Revenir à la maison, revenir aux sources …

28 février 2012 2 commentaires

Je suis de retour cette semaine après un (trop) court séjour à Montréal, de retour en Gaspésie où j’ai pu constater plusieurs choses. J’ai constaté notamment que la Gaspésie nous rapproche drôlement de la nature, une nature qui ne semble plus avoir sa place dans les grandes villes. En entrevue à la radio, un jeune qui a fait le choix de venir vivre en région parle de l’horizon. Pour regarder le ciel à Montréal, dit-il, il faut lever la tête, et se faire mal au cou. En Gaspésie, du moins du côté sud, nous avons l’eau, la mer, l’horizon où se lève chaque jour le soleil. Je suis d’accord avec lui, cette perspective change complètement notre relation avec la nature.

En fouinant les tablettes d’une librairie de la grande ville, j’ai eu l’agréable surprise de trouver un petit bijou de la cuisine gaspésienne. Un livre, poétiquement intitulé « Quand les bateaux reviennent… recettes typiques de la Gaspésie et des Îles-de-la-Madeleine ». Il s’agit en effet d’un recueil de recettes fait par madame Charles Gagné (en fait, elle avait probablement un nom propre, mais à cette époque, madame prenait souvent le nom de monsieur une fois mariée!) qui date de 1973.

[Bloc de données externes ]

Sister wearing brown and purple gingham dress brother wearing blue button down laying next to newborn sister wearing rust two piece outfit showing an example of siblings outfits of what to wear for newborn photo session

C’est un véritable voyage dans le temps, dans la parlure et dans les parfums gaspésiens. Le livre nous fait découvrir beaucoup de recettes de grand-mères, de préparations traditionnelles de la péninsule, de Cap-Chat jusqu’à Caplan. Gabine aux framboises, pain au lard, morue, saumon ou épaule de chevreuil farcie, tout y passe.  Il y a même une recette de mayonnaise sans huile….et sans œufs! Selon l’auteure, cette recette à base  de lait condensé, de vinaigre et de moutarde « vous rappellera la mayonnaise cuite de votre mère ».

Quand les bateaux reviennent ...

Quand les bateaux reviennent, ils apportent souvent avec eux le fruit du travail des pêcheurs, le gagne-pain, mais aussi la tradition. Quand les bateaux reviennent, ils permettent aux marins de retrouver leur terre chérie, les bras réconfortants des gens qu’ils aiment. Après des heures ardues au travail, les bateaux reviennent remplis d’histoires et de légendes.

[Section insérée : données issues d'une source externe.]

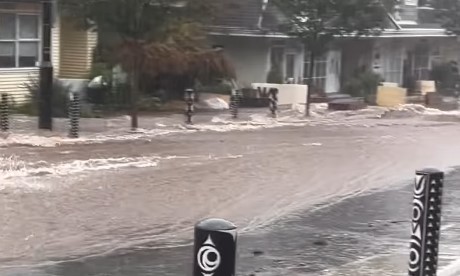 Water flowing down a street in Deep Cove during an atmospheric river Oct. 19, 2024.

Ces histoires, elles continuent de s’écrire, de se raconter. Certaines se perdront dans le temps, d’autres s’écriront avec de nouvelles encres. Des ancres venues d’ailleurs, des ancres qui attachent la Gaspésie à ses valeurs.

Il s’agit pour moi d’un dernier billet sur ce blogue. Après réflexion, je prends la décision de me retirer de cet espace afin de me consacrer pleinement au projet qui m’a fait venir en Gaspésie. Ne pas avoir le temps est souvent un mensonge, mais je ne peux plus vraiment me donner comme je souhaiterais le faire. Certes, il y a encore tellement d’histoires, d’artisans, et de recettes à découvrir. J’espère un jour pouvoir revenir les partager avec vous.

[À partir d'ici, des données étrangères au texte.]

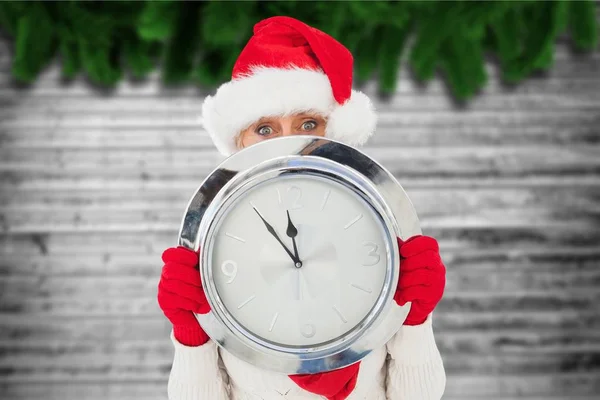 Frau mit Weihnachtsmannhut hält Wanduhr — Stockfoto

D’ici là, je tiens à remercier ceux qui ont lu ce blogue. C’est une première expérience pour moi qui a été très positive et enrichissante. Je tiens aussi à saluer ceux et celles que j’ai rencontrés par ici, des personnes inspirantes qui me font croire plus que jamais en ce bout de pays. Je pourrai sûrement continuer à partager avec vous à travers d’autres moyens. Ce fût un plaisir. Vive la Gaspésie!

2 commentaires

joanierobichaud a écrit le 28 février 2012 :

Ce fut également un plaisir pour moi de lire chaque semaine des pensées culinaires par rapport à la Gaspésie. Je te souhaite beaucoup de succès dans tes projets! Au plaisir!

Benoît Cayouette a écrit le 28 février 2012 :

Ce fut un plaisir de te lire Rolando. J’exprime le souhait que l’on puisse, un jour, te voir reprendre la plume.

Et que le projet par lequel nous devons ta venue en Gaspésie soit couronné de succès!